Investigative reporter Jim Parsons was looking into the use of state planes and he obtained copies of flight logs. He noticed the planes were often flying in and out of expensive resorts and that some of the trips were for PHEAA members.

He wondered why they were spending so much money on the trips.
"I submitted a request for public records under the state's Right to Know Act, and I asked for two years worth of expense vouchers," says Parsons.

It took nearly two years to get the answer.
"Instead of dealing with our requests for records, as is prescribed under the law, they filed suit in court in hopes of having the court say that they didn't have to release the records," says Parsons.
The PHEAA officials claimed that they were exempt from turning over the records because they were protecting "trade secrets."
"They were told repeatedly by every court we went in front of that these were public records and they had to give them up," he says. But the agency kept appealing, and it went all the way up to the Supreme Court.

Blatant waste revealed

When the records were finally turned over, it became clear why the PHEAA leaders fought so hard to keep them secret.
"They spent $400,000 in public funds in court trying to prevent us from seeing it. Once the records were opened, it was very evident why they were fighting," he says.
"Staff was doing a lot of travelling, but travel by the board members was the really outrageous part," he says.
Sixteen of the 20 board members are state legislators.
"They and their spouses were travelling to resorts. Wives were getting pedicures, manicures, facials, and even falconry lessons! The husbands purchased $125 cigars, and spent thousands of dollars on a golf outing!" Parsons says.

Viewers were already upset about state legislators giving themselves a pay raise, and these excesses further fueled the emotions.
"Once the story hit TV, the newspaper and the wire, there was a groundswell of support for opening up government records. People felt the government was too secretive.

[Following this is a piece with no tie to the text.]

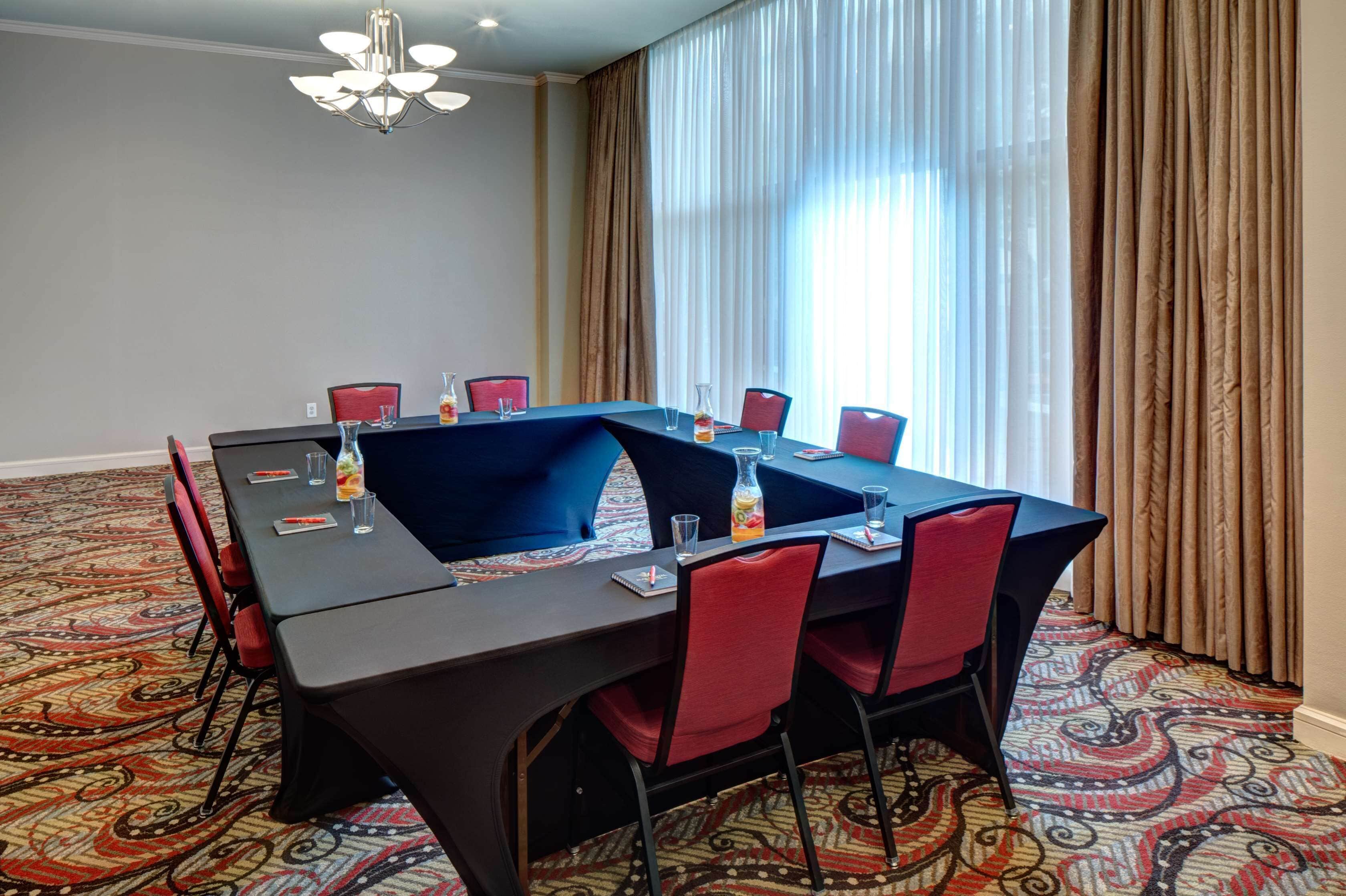 Photo - Blake Hotel New Orleans, BW Signature Collection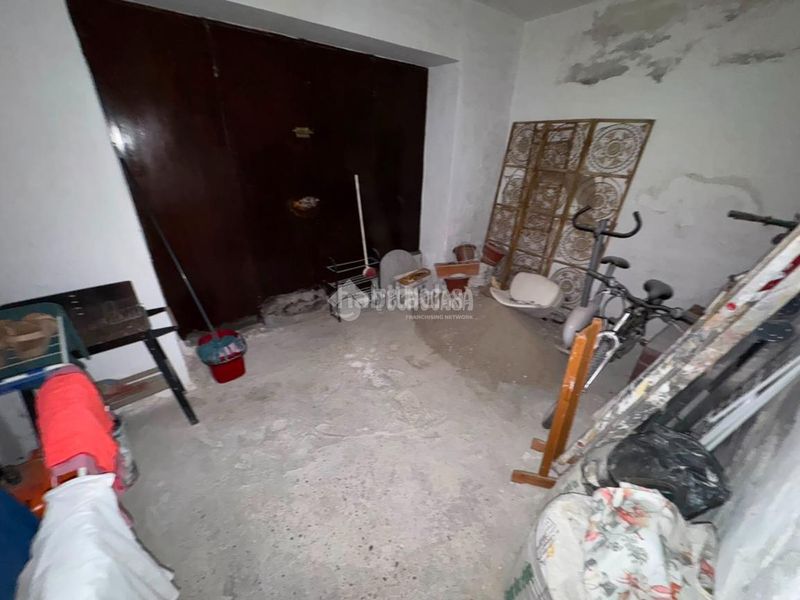Foto 04efad30-a88a-4058-afe6-4c08a14c45af. Casa aparellada a Écija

In fact, Pennsylvania had one of the worst open records laws in the country," he says.

Persistence produced court victories

Making it difficult to get records is not unusual for the managers of a government agency with something to hide.

Parsons feels what made their story was not giving up when they hit a roadblock.
"It comes down to persistence. But you must pick your fights. You can't go to court for public records every time an agency says you can't have them --- even if you know that under the law you are entitled to the records. You must pick your battles," he says.

WTAE, the newspaper and AP split the $60,000 in legal fees. And, since they prevailed, the court awarded them attorney's fees. Parsons expects they'll get about $50,000 of it back.

Longo believes this kind of journalism is important to the industry's future.
He feels too much television news has become driven by a day-to-day, hour-to-hour approach that may sacrifice long term commitments to important stories.

Although the court fight took 18 months, Longo says it yielded boxes and boxes of documents that fueled six months worth of stories.